MARATHON — Establishing a preliminary property tax rate for the coming year, addressing the impacts on modifications to a centrifuge plant on Coco Plum and pursuing a community pool were among the items discussed during a four-hour Marathon City Council meeting July 11.

Based on the finance director’s recommendation and the city’s goals, the council set the tentative 2017-18 tax rate slightly higher than the current year, resulting in a $27 increase for the owner of a home valued at $300,000 if the council does not lower the tax rate in the coming months.

The tax rate of $259 per $100,000 of assessed property value can be lowered between now and final approval on Sept. 26, but not raised. The current millage rate is $250 per $100,000 of assessed property value.

The proposed $17.8 million budget increases reserve funds to almost the six-month mark to be used in case of emergencies such as hurricanes and gives staff raises while giving residents better service, Mayor Dan Zieg said. It also accomplishes building projects such as the maintenance building, he noted.

Among the reductions in costs staff pursued was due to putting out for bid the city’s general insurance and wind insurance needs in May, and getting more coverage for less money in one of the three responsive bids.

City Manager Chuck Lindsey said pursuing insurance rate bids had not been done for a while, and together the cost was about $471,000 per year. However, Public Risk Insurance Agency recently offered a rate of $405,000 while increasing wind coverage to $15 million. The city further reduced its property deductible from $5,000 to $1,000 and its liability from $1,000 to zero. Since 2003, the city had not shopped insurance rates, and Lindsey said he recommended going out for insurance bids every three years.

An issue that drew concern from about nine residents who questioned traffic, smells and water quality impacts was a resolution to expand a centrifuge plant at wastewater treatment plant no. 6 near Coco Plum Road to treat all waste-activated sludge generated by the city’s wastewater treatment plants. The upcoming July 25 council meeting include a workshop on this matter and residents are invited to learn more and will have a chance to ask questions.

Weiler Engineering, which designed plant no. 6, was chosen to design and construct the centrifuge plant for about $509,000, but the council postponed the vote on the resolution.

A centrifuge typically separates fluids of different densities, or liquids from solids.
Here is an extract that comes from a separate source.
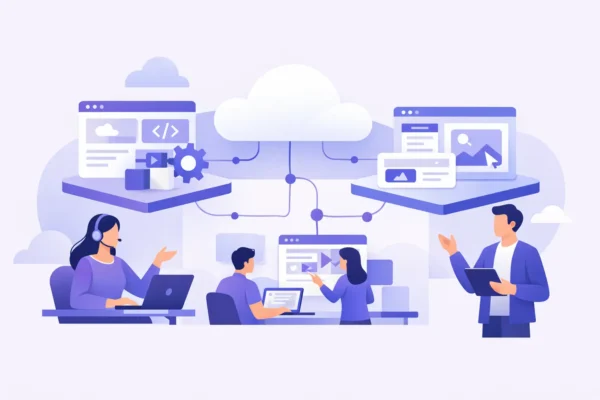 Subcontratar desarrollo web para agencias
The centrifuge expansion cost is eligible for reimbursement by the state Mayfield grant for water quality improvements.

The project is described as “an enclosed metal building with chemical tanks and reactors for sludge treatment and a centrifuge dewatering area. A sludge holding tank and a centrate/influent equalization tank will be required as well. [It] include[s] plans for corrosion control work on the existing metal tanks and structures… and [will] investigate causes and mitigation for the settlement of the existing operation building. The city also wishes to install a larger potable water main and to coordinate with the fire marshal for a potential fire hydrant.”

Lindsey emphasized the plant is environmentally sound. 

“We’re not doing anything there that we are not doing already,” he said. “This is better for our environment and will save taxpayer money. The impact is two trucks a day, 20 trailers a year. This will reduce noise as well. To us, it makes sense.”

The council also discussed further pursuing a partnership with the Monroe County School Board to use its property adjacent to Marathon High School to build a community pool, but learned in a market analysis from the city manager that if the city has to procure its own land, it should expect to add about $3 million to the construction costs.

The school board was scheduled to discuss uses for the property during a Tuesday, July 18, meeting after press time.